Nigeria sends troops to rescue kidnapped schoolchildren

 


Nigeria’s president, Bola Ahmed Tinubu, has sent troops to rescue more than 250 children kidnapped by gunmen from a school in the north-west of the country in one of the largest mass abductions in recent years.


The mass kidnapping in Kaduna state was the second in a week in Nigeria, where heavily armed criminal gangs on motorbikes target victims in villages and schools and along highways in search of ransom payments.


Local government officials in Kaduna confirmed the kidnapping at Kuriga school on Thursday, but said they could not give firm figures because they were still working out how many children had been abducted.


At least one person was shot dead during the attack, local residents said.


Sani Abdullahi, a teacher at the GSS Kuriga school in Chikun district, said staff managed to escape with many students when the gunmen, known locally as bandits, attacked early on Thursday firing in the air.


He told local officials 187 pupils had been taken from the main junior school and another 100 from the primary classes. Three local residents also said that between 200 and 280 children and teachers had been abducted.

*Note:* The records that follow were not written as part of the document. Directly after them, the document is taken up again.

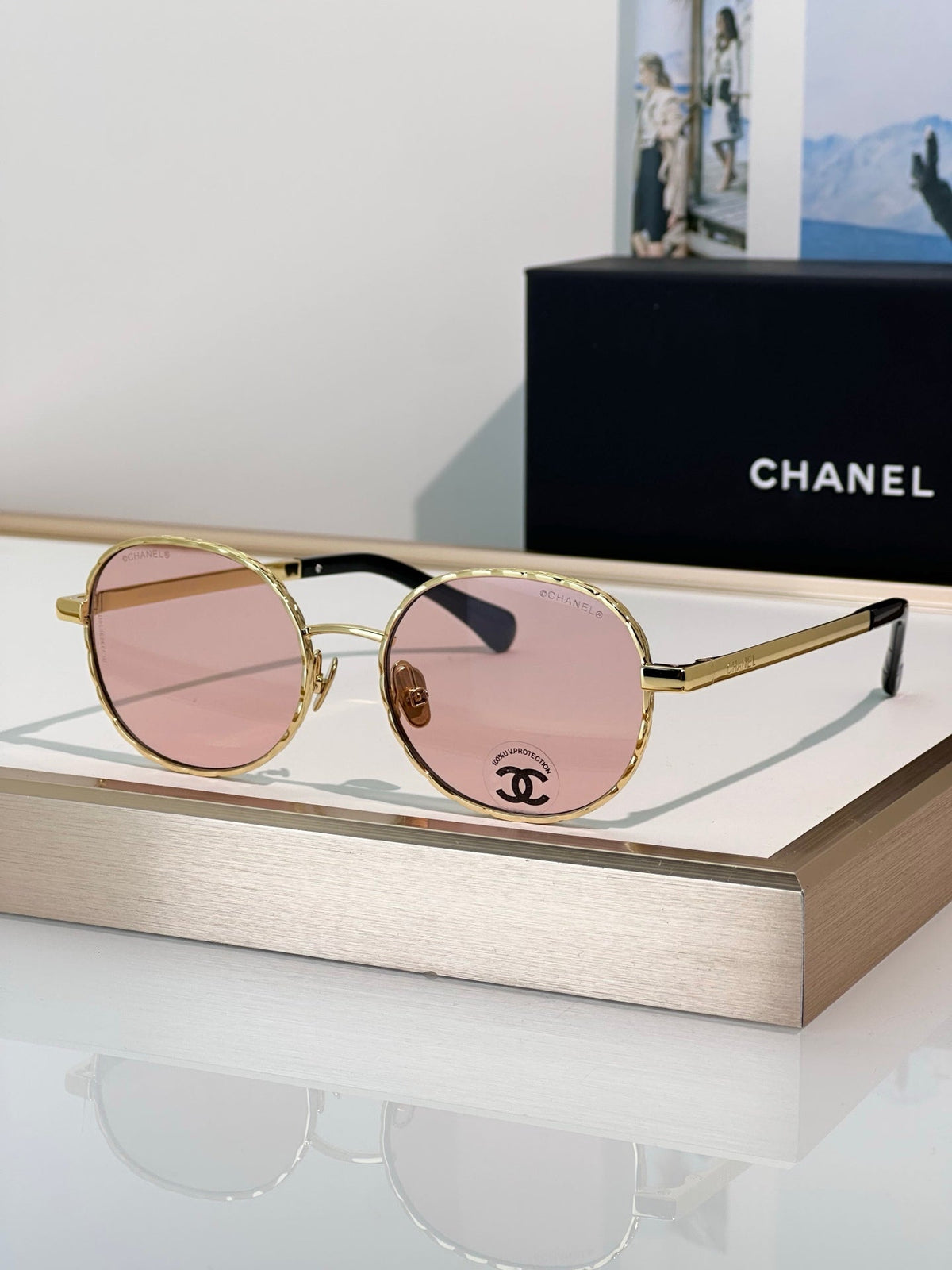 Premium Women Metal Sunglasses/eyeglasses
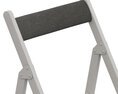 Ikea TERJE Folding chair 3d model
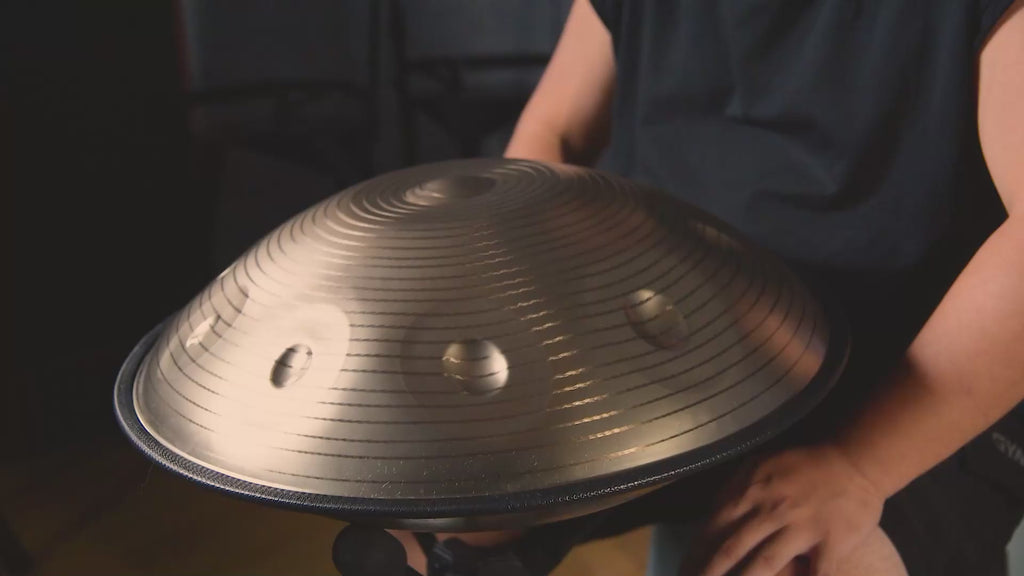 Démonstration sonore — Handpan Mandala — Ré mineur (D Kurd)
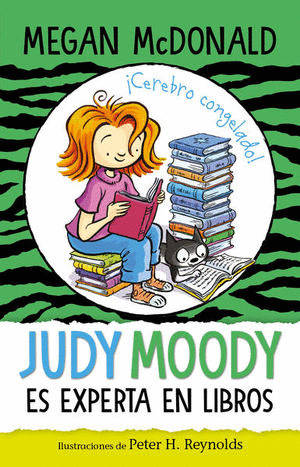 JUDY MOODY ES EXPERTA EN LIBROS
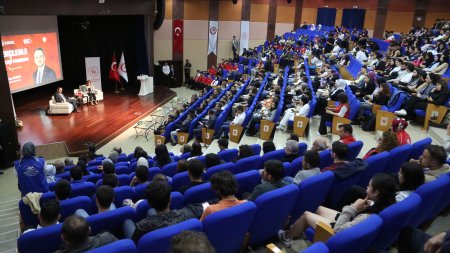 Bakan Yardımcısı Dr. Enes Eminoğlu SDÜ’nün Konuğu Oldu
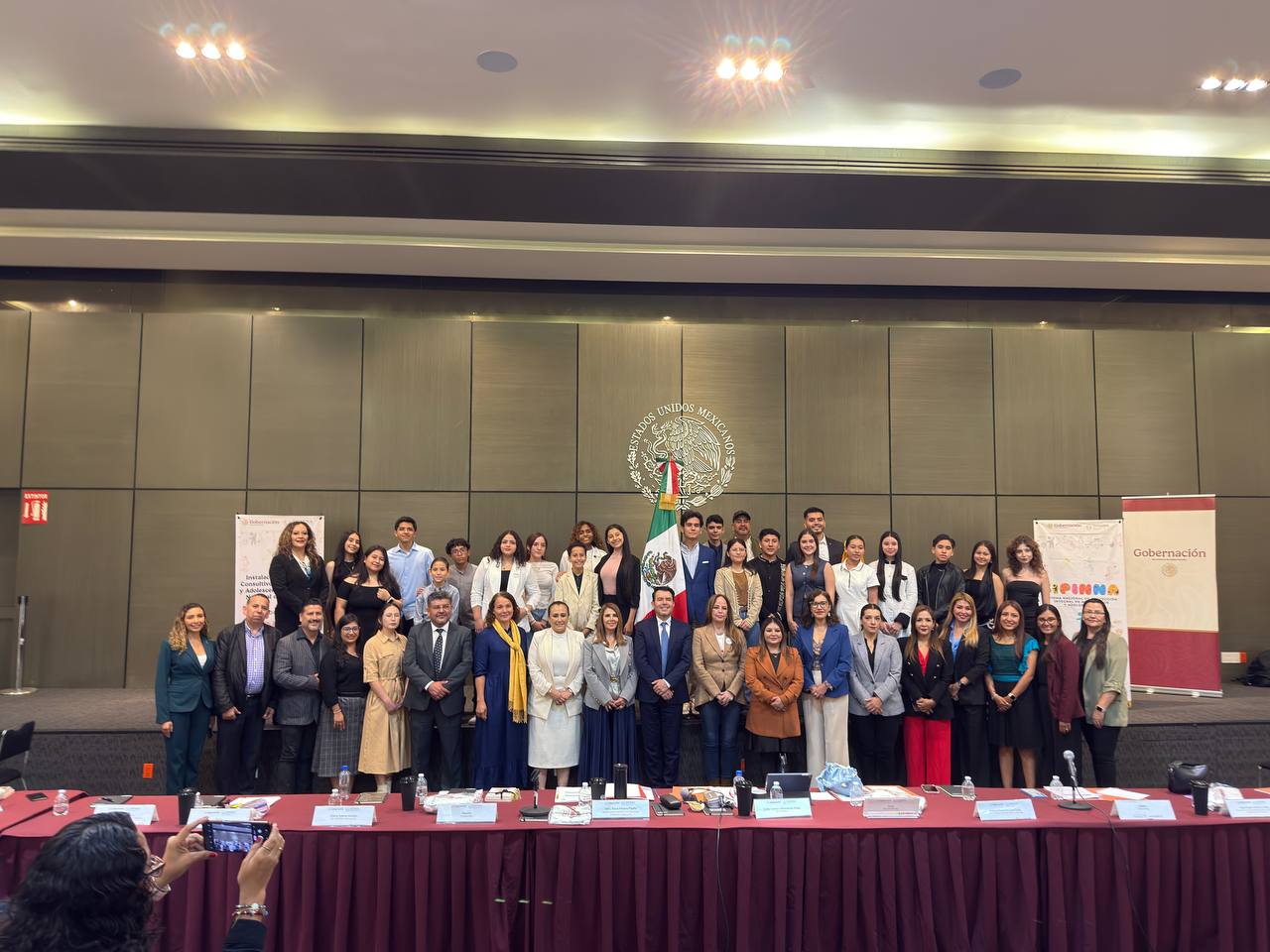 Tlaxcalteca de 11 años se suma al Consejo Nacional de Sipinna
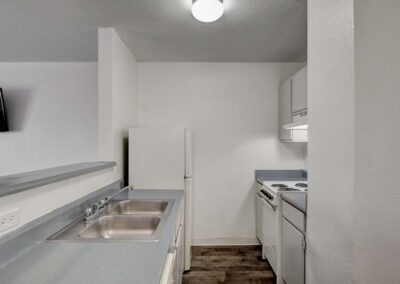 Kensington Suites | Short-Term Rentals Long-Term Living in Las Vegas | Kitchen Area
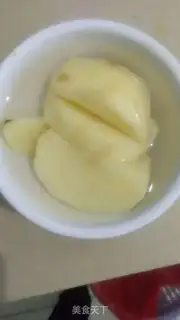 Make Curry fried potatoes step 0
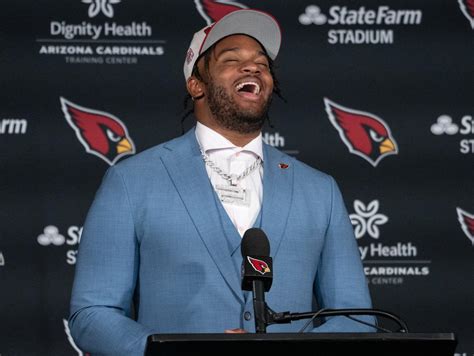 Paris Johnson Jr. lights up room in first Arizona Cardinals public appearance after draft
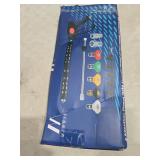 M MINGLE Replacement Pressure Washer Gun with Extension Wand, M22 15mm or M22 14mm Fitting, 5 Nozzle Tips, 40 Inch, 4000 PSI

“Early in the morning ... we heard gunshots from bandits. Before we knew it they had gathered up the children,” Musa Mohammed, a local resident said. “We are pleading to the government, all of us are pleading, they should please help us with security.”


The Kaduna abduction and the mass kidnapping a week ago from camps for displaced people displaced in north-east Borno state illustrate the challenge facing Tinubu, who promised to make Nigeria safer and bring in more foreign investment.


“I have received briefing from security chiefs on the two incidents, and I am confident that the victims will be rescued,” Tinubu said in a statement ordering that armed forces to track down the kidnappers. “Nothing else is acceptable to me and the waiting family members of these abducted citizens. Justice will be decisively administered.”


The two mass kidnappings come almost 10 years after the Boko Haram group triggered a major international outcry in April 2014 by kidnapping more than 250 schoolgirls from Chibok in Borno state. Some of those girls are still missing.